▶ [REQUIRED ACTION] Please repeat the records beneath this task exactly as they appear, but skip the images.

▶ [MATERIAL PROVIDED]

▼

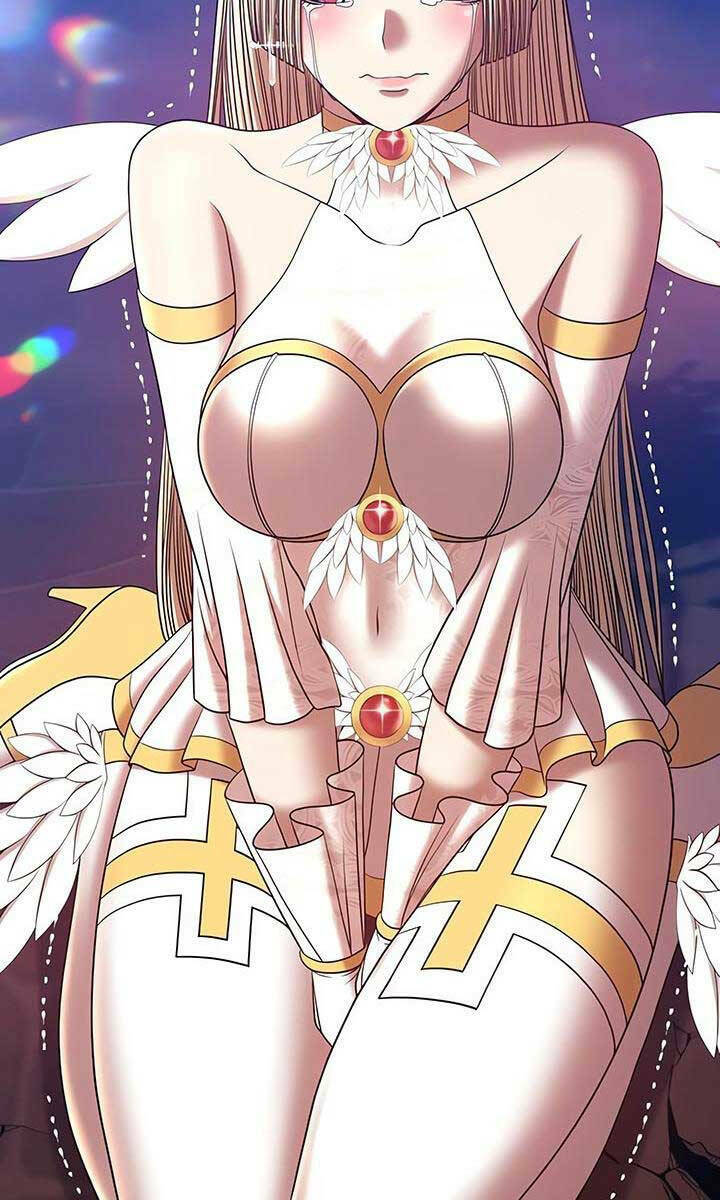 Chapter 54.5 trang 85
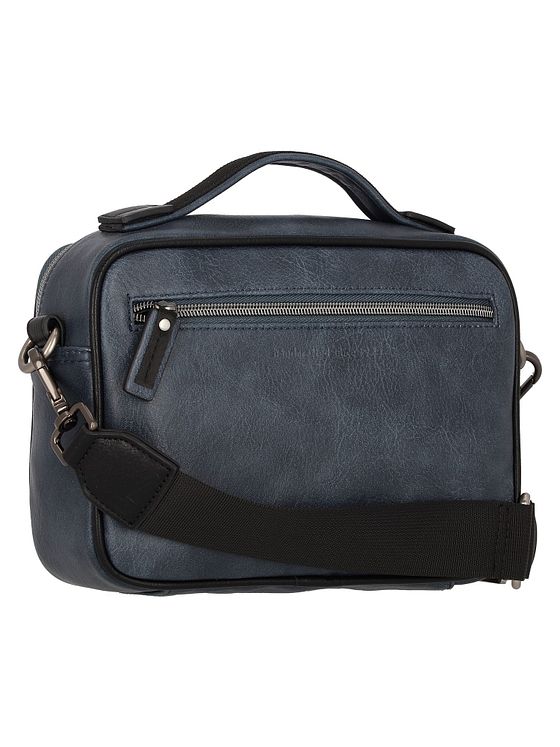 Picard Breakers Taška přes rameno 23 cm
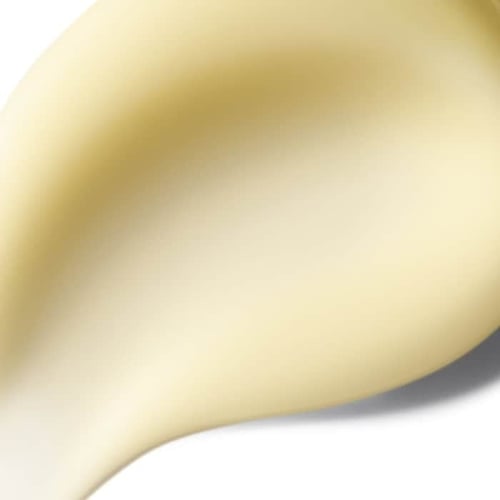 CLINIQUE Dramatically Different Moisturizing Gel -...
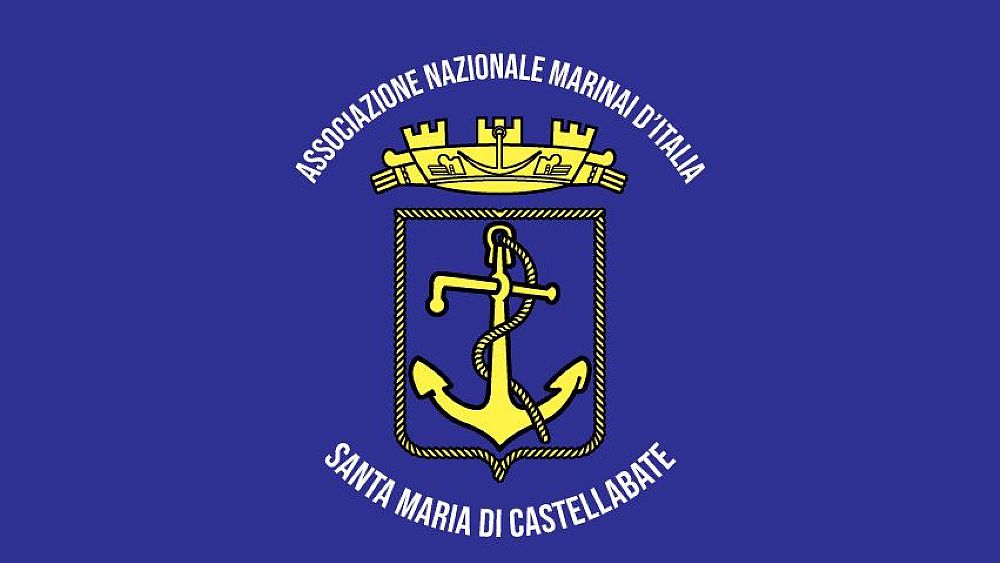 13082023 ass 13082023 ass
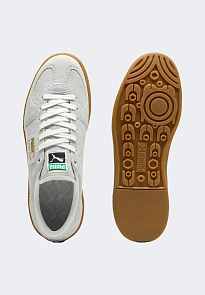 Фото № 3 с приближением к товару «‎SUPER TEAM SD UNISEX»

▲

▶ [OUTPUT FOR THIS TASK]
 Chapter 54.5 trang 85
 Picard Breakers Taška přes rameno 23 cm
 CLINIQUE Dramatically Different Moisturizing Gel -...
 13082023 ass 13082023 ass
 Фото № 3 с приближением к товару «‎SUPER TEAM SD UNISEX»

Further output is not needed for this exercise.